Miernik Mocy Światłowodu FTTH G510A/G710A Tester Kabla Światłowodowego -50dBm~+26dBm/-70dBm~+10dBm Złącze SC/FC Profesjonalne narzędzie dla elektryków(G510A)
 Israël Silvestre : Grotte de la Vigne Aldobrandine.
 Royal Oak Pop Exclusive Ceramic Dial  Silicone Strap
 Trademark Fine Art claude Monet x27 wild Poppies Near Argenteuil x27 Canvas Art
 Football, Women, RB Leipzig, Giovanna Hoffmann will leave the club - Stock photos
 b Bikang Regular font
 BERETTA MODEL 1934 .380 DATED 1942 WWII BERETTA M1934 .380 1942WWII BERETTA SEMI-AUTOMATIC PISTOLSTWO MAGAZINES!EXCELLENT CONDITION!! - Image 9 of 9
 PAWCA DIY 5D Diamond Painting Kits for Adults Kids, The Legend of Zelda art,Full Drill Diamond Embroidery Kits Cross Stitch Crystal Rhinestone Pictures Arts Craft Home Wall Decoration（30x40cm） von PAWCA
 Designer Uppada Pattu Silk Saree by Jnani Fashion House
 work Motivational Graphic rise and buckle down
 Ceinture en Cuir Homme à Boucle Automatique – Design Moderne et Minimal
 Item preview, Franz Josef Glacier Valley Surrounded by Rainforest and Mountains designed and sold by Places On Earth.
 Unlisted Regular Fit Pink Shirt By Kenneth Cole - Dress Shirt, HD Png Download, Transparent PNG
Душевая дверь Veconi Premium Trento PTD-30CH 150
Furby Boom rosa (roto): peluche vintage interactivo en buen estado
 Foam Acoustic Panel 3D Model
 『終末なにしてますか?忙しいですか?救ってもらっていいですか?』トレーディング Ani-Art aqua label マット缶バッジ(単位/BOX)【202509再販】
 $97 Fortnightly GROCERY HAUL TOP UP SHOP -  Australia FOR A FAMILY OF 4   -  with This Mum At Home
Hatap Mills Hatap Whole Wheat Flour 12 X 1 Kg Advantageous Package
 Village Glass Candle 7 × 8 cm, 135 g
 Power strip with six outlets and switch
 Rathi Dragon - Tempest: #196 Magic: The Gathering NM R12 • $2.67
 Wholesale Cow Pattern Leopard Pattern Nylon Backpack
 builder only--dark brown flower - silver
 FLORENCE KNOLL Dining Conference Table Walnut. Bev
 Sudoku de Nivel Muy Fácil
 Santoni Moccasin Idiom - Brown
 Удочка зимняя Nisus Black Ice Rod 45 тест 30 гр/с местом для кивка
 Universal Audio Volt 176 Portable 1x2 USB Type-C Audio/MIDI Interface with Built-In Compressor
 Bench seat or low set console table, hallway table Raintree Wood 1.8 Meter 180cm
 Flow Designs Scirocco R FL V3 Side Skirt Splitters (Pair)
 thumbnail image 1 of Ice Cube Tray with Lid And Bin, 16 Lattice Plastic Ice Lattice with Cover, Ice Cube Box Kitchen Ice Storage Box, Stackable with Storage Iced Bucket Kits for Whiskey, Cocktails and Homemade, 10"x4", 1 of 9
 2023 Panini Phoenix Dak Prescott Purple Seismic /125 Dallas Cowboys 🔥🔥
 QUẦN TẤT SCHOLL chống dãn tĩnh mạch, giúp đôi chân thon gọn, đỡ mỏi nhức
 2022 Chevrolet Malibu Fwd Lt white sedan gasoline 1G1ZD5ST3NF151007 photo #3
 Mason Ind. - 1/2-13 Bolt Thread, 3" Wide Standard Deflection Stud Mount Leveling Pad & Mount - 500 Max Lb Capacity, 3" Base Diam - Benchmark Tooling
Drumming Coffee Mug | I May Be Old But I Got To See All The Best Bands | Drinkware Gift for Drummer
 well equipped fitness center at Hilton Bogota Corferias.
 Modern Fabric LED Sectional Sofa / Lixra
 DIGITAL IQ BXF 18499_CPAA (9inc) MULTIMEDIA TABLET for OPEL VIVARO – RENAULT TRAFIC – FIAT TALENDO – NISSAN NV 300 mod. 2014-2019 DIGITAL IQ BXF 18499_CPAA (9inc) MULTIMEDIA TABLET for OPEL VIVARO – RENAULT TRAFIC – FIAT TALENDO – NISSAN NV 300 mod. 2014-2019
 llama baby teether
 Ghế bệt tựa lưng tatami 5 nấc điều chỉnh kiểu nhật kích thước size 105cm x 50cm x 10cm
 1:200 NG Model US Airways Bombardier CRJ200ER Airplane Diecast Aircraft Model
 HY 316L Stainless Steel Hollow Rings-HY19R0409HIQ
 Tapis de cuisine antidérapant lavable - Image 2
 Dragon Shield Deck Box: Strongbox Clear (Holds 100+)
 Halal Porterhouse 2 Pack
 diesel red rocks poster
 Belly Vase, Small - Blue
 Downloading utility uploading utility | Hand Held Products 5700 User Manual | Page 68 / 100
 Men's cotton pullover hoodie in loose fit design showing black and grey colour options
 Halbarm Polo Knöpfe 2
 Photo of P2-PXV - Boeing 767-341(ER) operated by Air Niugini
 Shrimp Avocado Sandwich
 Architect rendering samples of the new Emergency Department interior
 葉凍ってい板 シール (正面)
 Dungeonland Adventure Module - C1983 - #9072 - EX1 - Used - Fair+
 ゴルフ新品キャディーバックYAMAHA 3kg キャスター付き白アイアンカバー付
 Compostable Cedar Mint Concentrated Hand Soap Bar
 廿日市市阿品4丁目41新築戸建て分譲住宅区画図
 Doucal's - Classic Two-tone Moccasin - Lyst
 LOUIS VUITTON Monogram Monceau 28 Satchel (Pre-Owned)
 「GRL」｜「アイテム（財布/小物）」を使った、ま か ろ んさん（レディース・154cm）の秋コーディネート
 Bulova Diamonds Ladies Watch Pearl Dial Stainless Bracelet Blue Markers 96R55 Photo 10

_ _ _ _

§ To do
What you return must be an exact retyping of the lines above starting at the line with "llama baby teether" and ending at the line with "Shrimp Avocado Sandwich", and nothing besides.

§ Answer to this exercise
 llama baby teether
 Ghế bệt tựa lưng tatami 5 nấc điều chỉnh kiểu nhật kích thước size 105cm x 50cm x 10cm
 1:200 NG Model US Airways Bombardier CRJ200ER Airplane Diecast Aircraft Model
 HY 316L Stainless Steel Hollow Rings-HY19R0409HIQ
 Tapis de cuisine antidérapant lavable - Image 2
 Dragon Shield Deck Box: Strongbox Clear (Holds 100+)
 Halal Porterhouse 2 Pack
 diesel red rocks poster
 Belly Vase, Small - Blue
 Downloading utility uploading utility | Hand Held Products 5700 User Manual | Page 68 / 100
 Men's cotton pullover hoodie in loose fit design showing black and grey colour options
 Halbarm Polo Knöpfe 2
 Photo of P2-PXV - Boeing 767-341(ER) operated by Air Niugini
 Shrimp Avocado Sandwich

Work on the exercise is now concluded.